Directions ▸
Your task is to repeat exactly the lines from the one with "Gram Market Kalafior polski oferta" through the end of the records, both included; please leave the pictures out.

━━ Raw data ━━

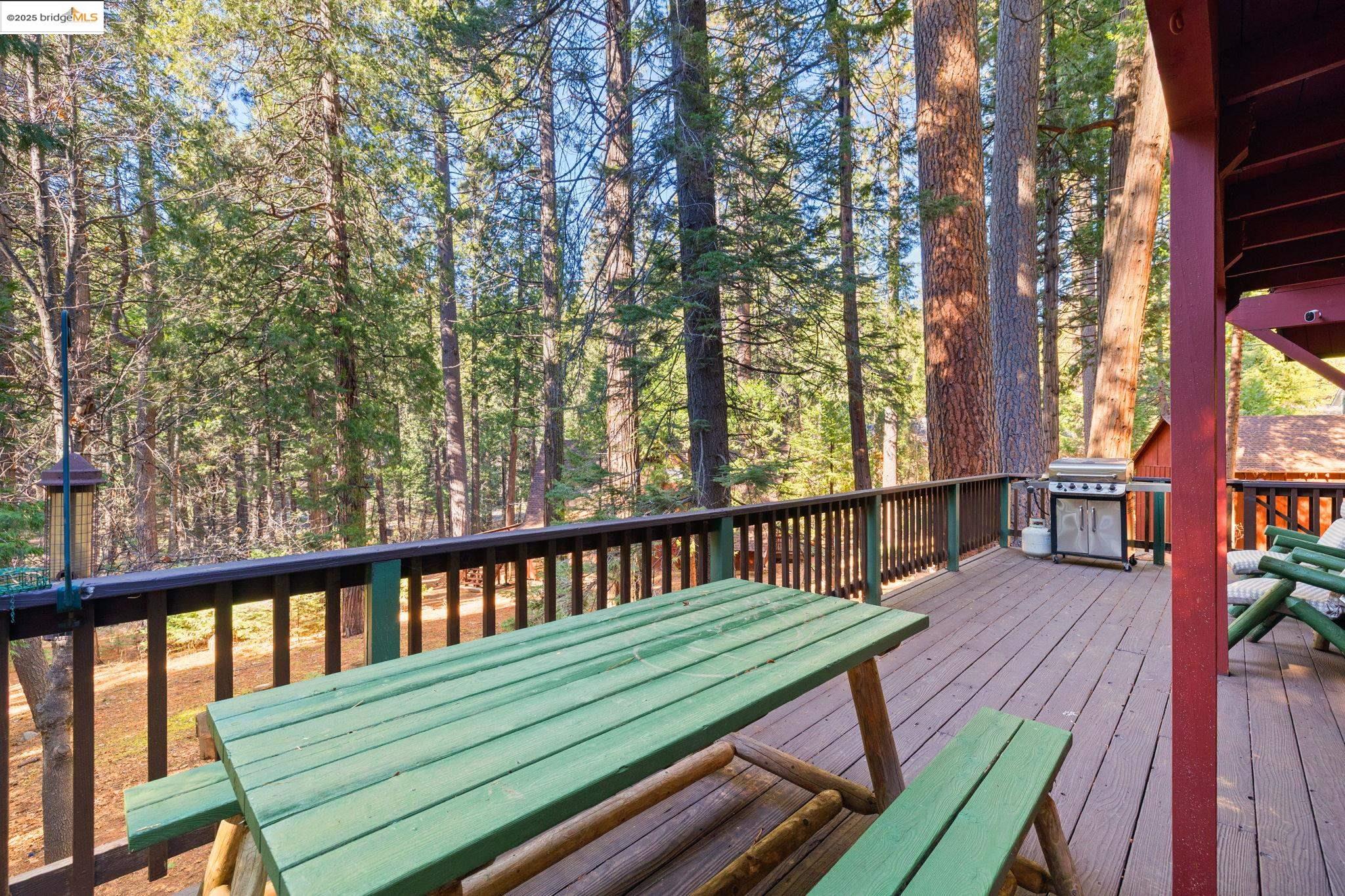 Detail Gallery Image 30 of 43 For 24216 Olo Win Trail + Lot 884, Mi Wuk Village,  CA 95346 - 4 Beds | 2 Baths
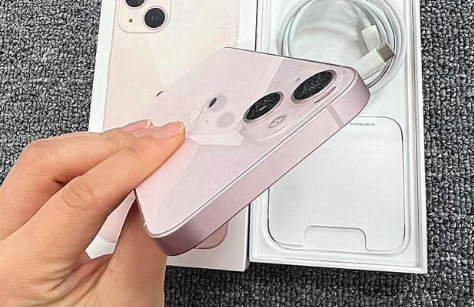 馆陶苹果13维修分享iPhone 13有哪些缺点和不足 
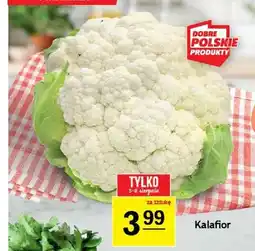 Gram Market Kalafior polski oferta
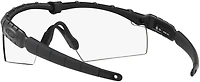 Oakley Industrial M Frame 2.0 Sunglasses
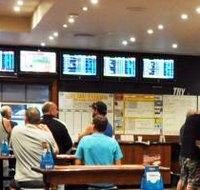 Central Park Tavern - Accommodation Broome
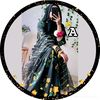 anushkakhalid505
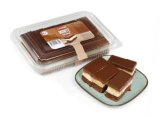 Kolač Monte SPAR 460 g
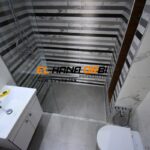 Photo-7 : S+2 Neuf En Plein Zone Touristique Mahdia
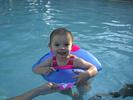 02-07(in pool)
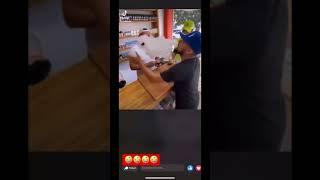 Lachen bitte 17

━━━

Answer for the task ▸
 Gram Market Kalafior polski oferta
 Oakley Industrial M Frame 2.0 Sunglasses
 Central Park Tavern - Accommodation Broome
 anushkakhalid505
 Kolač Monte SPAR 460 g
 Photo-7 : S+2 Neuf En Plein Zone Touristique Mahdia
 02-07(in pool)
 Lachen bitte 17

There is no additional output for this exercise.